Following a trend which commenced in 2013, the number and scope of proposed changes to the various fiscal Acts (mainly the Income Tax Act and VAT Act) continue to fall. This, no doubt, reflects the depletion of skills at Treasury, and the failure to replace them.
Moreover, those changes that have been announced are mainly of a highly technical nature, and are probably more of interest to tax professionals than to business people in general, and even to legal and financial executives in those businesses.

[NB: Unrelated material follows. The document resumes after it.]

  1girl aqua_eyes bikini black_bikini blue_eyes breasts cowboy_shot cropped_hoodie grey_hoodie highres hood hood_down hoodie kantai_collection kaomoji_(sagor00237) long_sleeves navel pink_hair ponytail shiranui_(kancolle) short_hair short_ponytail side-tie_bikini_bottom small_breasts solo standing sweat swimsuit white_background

Of course, the greatly feared spectre of wholesale tax increases did not materialise with “only” a 1% increase in the individual tax rates, also resulting in an increase in the maximum marginal rate from 40% to 41%, and with the matching increase in the tax rate applicable to trusts from 40% to 41%. As a consequence, the effective rate of CGT increases from 13.3% to 13.7% for individuals, and from 26.7% to 27.3% for trusts (and as there was no change to the company tax rate, the effective rate of CGT for companies remains unchanged at 18.7%). The major portion of the tax shortfall is to be made up by way of a large increase in the fuel levy.
Because, as mentioned, the bulk of the proposed amendments are so technical in nature, these will be mentioned in passing, and only those of more general interest will be explored in a little more detail.
On the positive side some good news was received in the form of further relaxations of exchange controls.